**YOUR GOAL**
Give again, word for word, each line below starting at the one that contains "10601 Slattery Road" and ending at the one that contains "carpeted empty room".

(Stored dataset items)
BEGIN
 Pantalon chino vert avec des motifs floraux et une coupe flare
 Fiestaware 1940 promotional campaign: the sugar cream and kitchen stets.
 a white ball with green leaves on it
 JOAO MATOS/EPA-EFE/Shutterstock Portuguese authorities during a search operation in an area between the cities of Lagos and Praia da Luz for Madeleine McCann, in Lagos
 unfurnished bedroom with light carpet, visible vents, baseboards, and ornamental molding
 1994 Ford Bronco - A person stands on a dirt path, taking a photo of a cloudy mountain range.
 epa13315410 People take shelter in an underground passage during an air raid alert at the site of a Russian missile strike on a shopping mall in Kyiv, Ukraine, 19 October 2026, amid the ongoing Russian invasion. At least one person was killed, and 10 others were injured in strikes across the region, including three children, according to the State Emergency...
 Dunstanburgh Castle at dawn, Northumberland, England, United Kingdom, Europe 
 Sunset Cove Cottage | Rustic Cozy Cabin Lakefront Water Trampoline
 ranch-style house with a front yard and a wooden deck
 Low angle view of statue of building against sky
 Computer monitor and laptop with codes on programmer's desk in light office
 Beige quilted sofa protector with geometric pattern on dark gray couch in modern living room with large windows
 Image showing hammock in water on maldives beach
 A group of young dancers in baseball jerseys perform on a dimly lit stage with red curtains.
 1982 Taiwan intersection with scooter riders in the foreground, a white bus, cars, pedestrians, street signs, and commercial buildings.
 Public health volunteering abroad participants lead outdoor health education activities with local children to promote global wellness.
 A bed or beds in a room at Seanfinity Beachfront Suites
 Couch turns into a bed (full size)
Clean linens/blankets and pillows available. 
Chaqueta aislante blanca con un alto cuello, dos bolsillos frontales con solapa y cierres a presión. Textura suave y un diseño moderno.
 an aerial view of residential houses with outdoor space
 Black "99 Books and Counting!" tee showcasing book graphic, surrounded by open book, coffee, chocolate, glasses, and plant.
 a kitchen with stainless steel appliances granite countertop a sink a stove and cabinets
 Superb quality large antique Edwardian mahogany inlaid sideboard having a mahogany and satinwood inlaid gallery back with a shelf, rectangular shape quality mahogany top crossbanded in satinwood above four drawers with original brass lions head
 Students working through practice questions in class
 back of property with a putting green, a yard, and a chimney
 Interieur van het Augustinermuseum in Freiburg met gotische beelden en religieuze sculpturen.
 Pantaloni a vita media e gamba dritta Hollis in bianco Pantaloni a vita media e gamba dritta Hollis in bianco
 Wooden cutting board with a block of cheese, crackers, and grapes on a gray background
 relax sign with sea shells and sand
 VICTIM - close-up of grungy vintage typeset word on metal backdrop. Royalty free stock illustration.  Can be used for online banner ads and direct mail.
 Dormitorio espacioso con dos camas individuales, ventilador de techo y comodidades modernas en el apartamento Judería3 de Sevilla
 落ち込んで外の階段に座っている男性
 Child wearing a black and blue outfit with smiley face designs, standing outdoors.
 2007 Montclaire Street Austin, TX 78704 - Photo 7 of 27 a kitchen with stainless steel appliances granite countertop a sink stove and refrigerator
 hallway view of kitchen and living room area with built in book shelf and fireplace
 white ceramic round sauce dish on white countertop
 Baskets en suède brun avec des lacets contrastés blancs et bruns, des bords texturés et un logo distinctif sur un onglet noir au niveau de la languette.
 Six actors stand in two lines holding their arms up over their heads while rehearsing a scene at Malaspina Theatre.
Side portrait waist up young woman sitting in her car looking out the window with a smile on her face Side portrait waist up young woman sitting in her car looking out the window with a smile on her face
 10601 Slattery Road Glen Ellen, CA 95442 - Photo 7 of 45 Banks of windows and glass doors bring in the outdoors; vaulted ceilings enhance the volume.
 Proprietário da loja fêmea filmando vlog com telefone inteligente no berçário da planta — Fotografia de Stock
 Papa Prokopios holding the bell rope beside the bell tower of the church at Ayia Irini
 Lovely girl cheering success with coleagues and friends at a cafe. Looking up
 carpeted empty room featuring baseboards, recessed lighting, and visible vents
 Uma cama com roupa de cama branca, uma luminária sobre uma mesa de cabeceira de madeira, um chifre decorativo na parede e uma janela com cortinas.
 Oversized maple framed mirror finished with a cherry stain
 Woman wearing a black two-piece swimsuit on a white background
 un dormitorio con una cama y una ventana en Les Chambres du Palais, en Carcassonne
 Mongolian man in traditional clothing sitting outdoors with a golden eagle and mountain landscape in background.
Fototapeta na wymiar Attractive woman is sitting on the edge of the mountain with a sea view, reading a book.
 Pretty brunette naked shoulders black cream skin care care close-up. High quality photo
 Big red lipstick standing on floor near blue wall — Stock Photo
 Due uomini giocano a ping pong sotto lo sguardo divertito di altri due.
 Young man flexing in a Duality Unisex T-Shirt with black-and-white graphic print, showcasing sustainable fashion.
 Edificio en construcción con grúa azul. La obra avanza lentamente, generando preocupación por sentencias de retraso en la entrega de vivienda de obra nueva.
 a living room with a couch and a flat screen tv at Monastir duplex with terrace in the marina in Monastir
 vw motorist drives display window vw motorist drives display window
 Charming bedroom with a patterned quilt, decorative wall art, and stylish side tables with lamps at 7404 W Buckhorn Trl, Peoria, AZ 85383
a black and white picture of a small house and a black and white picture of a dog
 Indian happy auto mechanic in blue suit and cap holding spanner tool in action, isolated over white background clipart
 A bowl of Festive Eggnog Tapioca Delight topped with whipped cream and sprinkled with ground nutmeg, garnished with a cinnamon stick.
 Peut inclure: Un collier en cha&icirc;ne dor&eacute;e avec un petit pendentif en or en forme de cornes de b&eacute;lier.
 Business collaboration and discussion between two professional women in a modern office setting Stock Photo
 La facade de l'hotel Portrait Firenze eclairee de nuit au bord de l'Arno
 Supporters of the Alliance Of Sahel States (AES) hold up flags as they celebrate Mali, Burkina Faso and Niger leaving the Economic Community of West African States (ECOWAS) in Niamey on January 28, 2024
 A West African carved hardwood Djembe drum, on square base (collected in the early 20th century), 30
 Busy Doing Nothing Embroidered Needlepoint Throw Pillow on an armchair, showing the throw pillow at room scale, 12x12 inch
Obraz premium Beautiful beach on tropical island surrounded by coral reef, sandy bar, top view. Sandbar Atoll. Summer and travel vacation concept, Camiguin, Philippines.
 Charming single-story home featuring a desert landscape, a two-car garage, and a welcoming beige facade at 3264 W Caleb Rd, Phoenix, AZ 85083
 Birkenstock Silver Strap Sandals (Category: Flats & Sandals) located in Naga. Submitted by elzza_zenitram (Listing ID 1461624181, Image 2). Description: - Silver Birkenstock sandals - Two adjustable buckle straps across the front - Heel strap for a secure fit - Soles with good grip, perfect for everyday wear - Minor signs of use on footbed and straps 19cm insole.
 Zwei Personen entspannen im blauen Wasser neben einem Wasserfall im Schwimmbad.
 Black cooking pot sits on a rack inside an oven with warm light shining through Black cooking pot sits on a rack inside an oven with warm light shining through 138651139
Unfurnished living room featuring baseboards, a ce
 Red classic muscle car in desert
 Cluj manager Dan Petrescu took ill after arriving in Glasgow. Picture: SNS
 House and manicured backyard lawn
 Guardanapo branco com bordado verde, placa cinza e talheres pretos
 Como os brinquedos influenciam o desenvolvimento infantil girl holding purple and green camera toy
END
**EXERCISE RESULT**
 10601 Slattery Road Glen Ellen, CA 95442 - Photo 7 of 45 Banks of windows and glass doors bring in the outdoors; vaulted ceilings enhance the volume.
 Proprietário da loja fêmea filmando vlog com telefone inteligente no berçário da planta — Fotografia de Stock
 Papa Prokopios holding the bell rope beside the bell tower of the church at Ayia Irini
 Lovely girl cheering success with coleagues and friends at a cafe. Looking up
 carpeted empty room featuring baseboards, recessed lighting, and visible vents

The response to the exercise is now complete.